I'm assuming that the music/songs will be stored and transferred by your servers. The reason for this assumption is that we are talking about an MMO.


What Almo comments is correct: The EULA for the game in question should have language about this issue.

What if one were to create the MMO in question?

Then the EULA should still have language about this issue. The difference is that you need to create the EULA. Thus, I would suggest to get the help of a lawyer to write it.

The way I see it the main decision is the following:

  • The players agree to transfer ownership of the works to you.

    If the players transfer ownership to you, you will be able to do whatever you want with their work (sans obscuring the identity of the original author, unless they prefer to remain anonymous).
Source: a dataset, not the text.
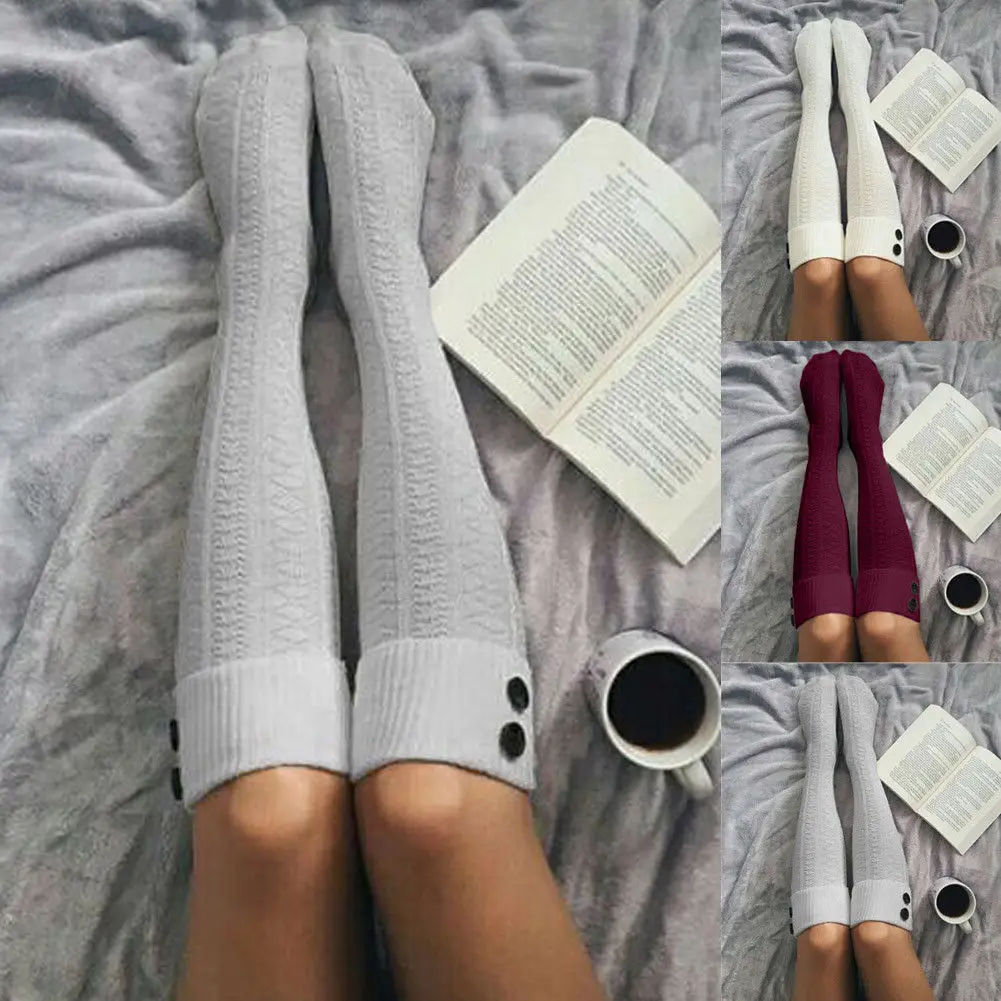 Новинка женские зимние трикотажные Гольфы выше колена чулки теплые длинные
    However, it also means that any works in the game that violate some other copyright are your responsibility. In other words: you would be liable. And thus you must actively police for copyright violations to make sure that does not happen.

  • The players retain ownership of the works, and license them to you.

    If players retain their ownership, you need to include in the EULA that by playing the game they agree to license their works to be used in the game. You will also need language to the effect that you are not responsible for the works created by the players. And then you probably only have to deal with copyright when reported (e.g. notification of infringement).

If you ask for my opinion, letting the players retain the ownership of the works is good for the players (because they have the copyright of their works, they can use them outside of the game) and for you (you are less liable, and it is cheaper to not have to actively police for copyright violations). In fact, if I were a potential player and this game wants me to transfer ownership of any works I create inside of it, I - personally - would not play it, because I would consider this as the game taking my labor.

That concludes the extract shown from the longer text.